Task to complete -
In the listing below, find the line containing "Bafle Portátil Misik" and the line containing "Broche de Noël", then copy exactly everything from the first through the second, except the pictures.

BEGIN Data for the task

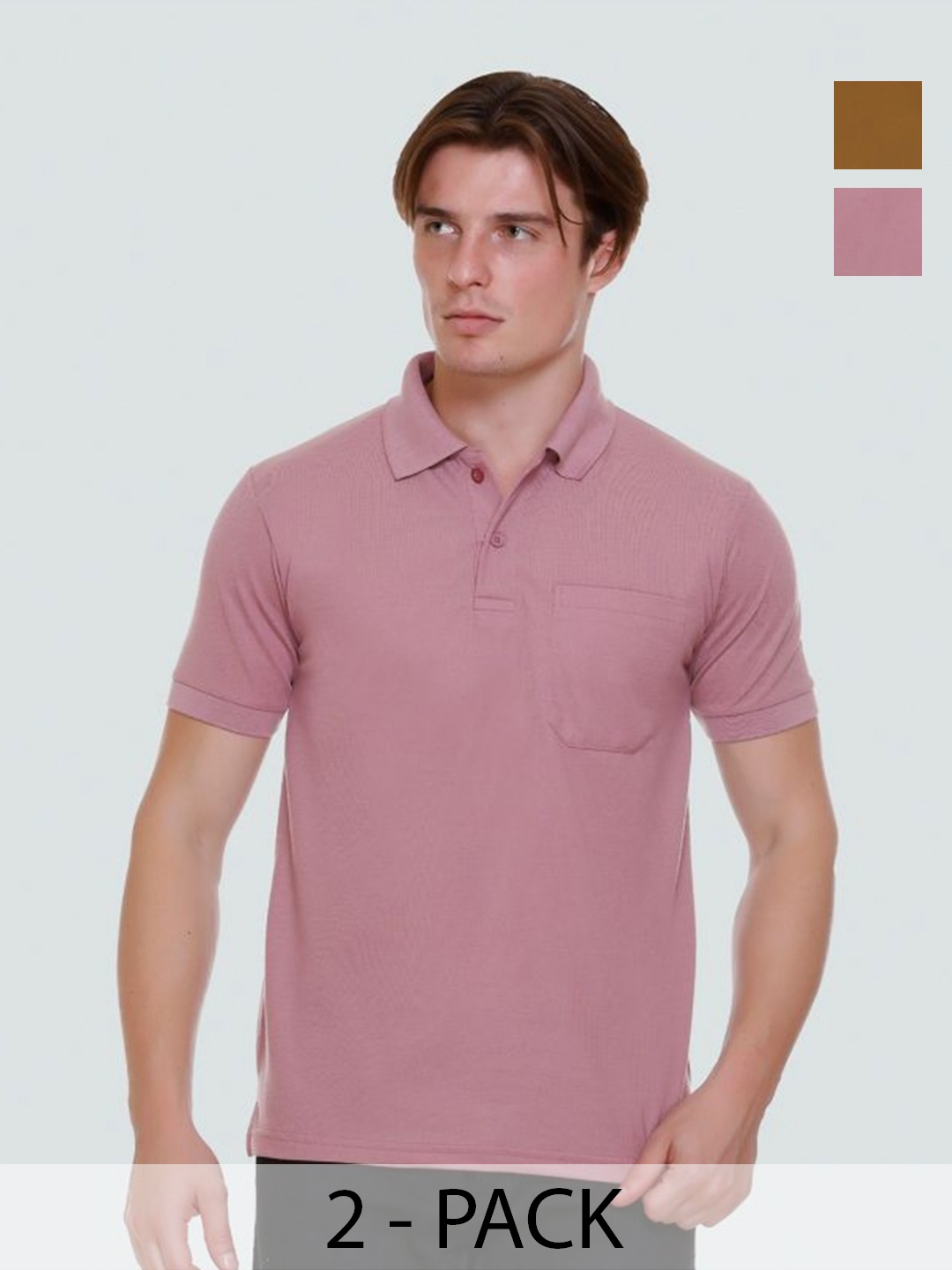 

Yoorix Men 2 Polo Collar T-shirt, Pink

END Data for the task
BEGIN Data for the task

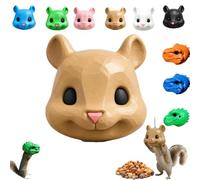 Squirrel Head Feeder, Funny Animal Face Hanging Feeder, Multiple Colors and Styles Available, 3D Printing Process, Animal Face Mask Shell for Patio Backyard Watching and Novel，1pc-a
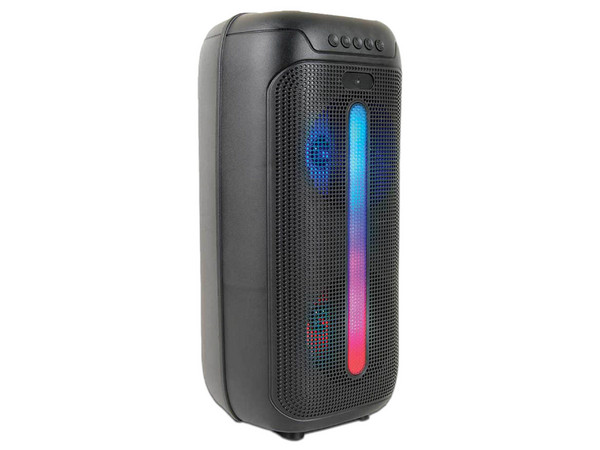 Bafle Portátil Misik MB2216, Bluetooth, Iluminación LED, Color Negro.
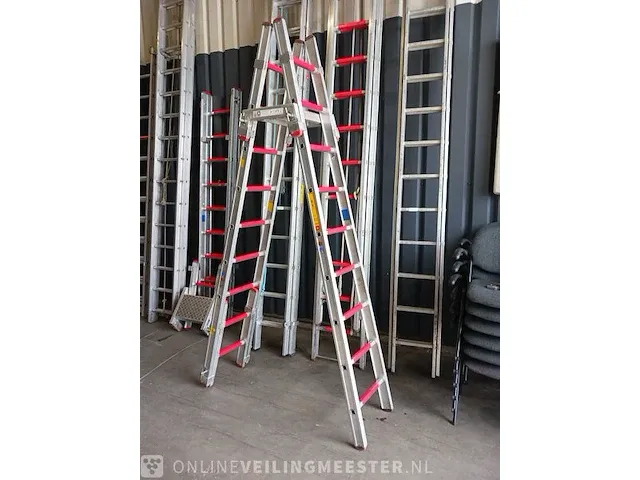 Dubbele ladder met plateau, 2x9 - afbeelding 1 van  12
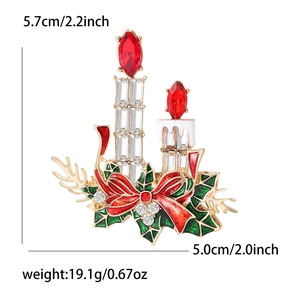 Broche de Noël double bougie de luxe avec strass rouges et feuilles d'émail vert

END Data for the task

Response for this exercise -
 Bafle Portátil Misik MB2216, Bluetooth, Iluminación LED, Color Negro.
 Dubbele ladder met plateau, 2x9 - afbeelding 1 van  12
 Broche de Noël double bougie de luxe avec strass rouges et feuilles d'émail vert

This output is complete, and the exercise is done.